ICOは、企業がトークンを発行・公募を行い、資金調達するというIPOを似ている方法です。
そして、出資者はトークンに投資を行い、その価値が上昇することを見越して売却することで利益を狙うことが出来ます。出資者側にも利益を得られる特徴があることもあり、ICOは近年様々な所で利用されています。
まず、トークンについてですが、仮想通貨と大きな違いはありません。なぜならどちらも仮想通貨といえるからです。厳密にはトークンの定義はなく、強いて言えば、既存のブロックチェーン技術を利用して発行された通貨のことを、トークンと指すことが多いです。反対に、独自技術で作られた通貨を、仮想通貨と呼ぶ場合が多いですが、ICOの情報でトークンと表記されていても仮想通貨と同じ意味として捉えても大丈夫です。
ICO とIPOの違いは?
ICOも一見するとIPOと同じ新規公開株のような仕組みと感じるでしょうが、細かい部分を確認すると様々な所がIPOと違い、メリット・デメリットになっています。
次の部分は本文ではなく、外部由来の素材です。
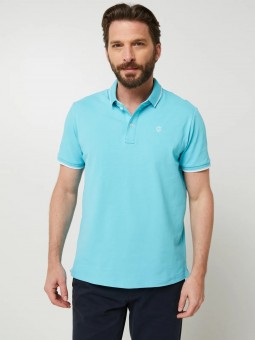 POLO NINON BLEU AZUR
まず、IPOは株式発行を行わなくてはならないのですが、その時に証券会社の協力を得て新規上場しなくてはなりません。そして、投資家らに事業計画書など情報開示をして資金調達をする必要もあります。
このように、IPOで資金調達を行おうとすると、自社だけだは調達作業を行うことが出来ず、コストや時間がかかります。
それに対して、ICOは
1、 仮想通貨市場に参入している投資家=出資者に対して仮想通貨発行の情報を伝えます。目論見書などを作成し、自社がこれから進めるプロジェクトの概要も宣伝します。そして、投資家はその企業に対して投資を行うかどうかの検討を始めます。
2、 企業側は、特定の投資家に対して契約条件やプロジェクトの全容を提示して、詳細な条件を確認してもらいます。これをオファーといいますが、この段階で投資家は企業側の契約内容やプロジェクトの詳細を知ることができます。因みに、IPOはこの段階で証券市場に基準があるため、その基準をクリアしていない企業は公募することができません。
3、 仮想通貨の販売を始めるのですが、ひとつは各仮想通貨取引所で個別に販売する方法と、2で紹介したオファーによって提示した最低金額でリリースして、出資者たちに仮想通貨を分配する方法があります。この方法はIPOにはない独自の方法といえ、企業側が販売方法を選ぶことができるというのも、注目されているひとつの要因です。
ICOの購入方法
仮想通貨の投資家側としては、ICO に興味がある人も少なくありません。また、仮想通貨取引に慣れてくると新たな利益を求めてICOで利益獲得を考える場合もあります。しかし、仮想通貨取引の方法については、多数のサイトや書籍、テレビなどで紹介されていますがICOに関してはあまり大々的に紹介している媒体は少ないです。そこで、ICOについて購入方法などを紹介します。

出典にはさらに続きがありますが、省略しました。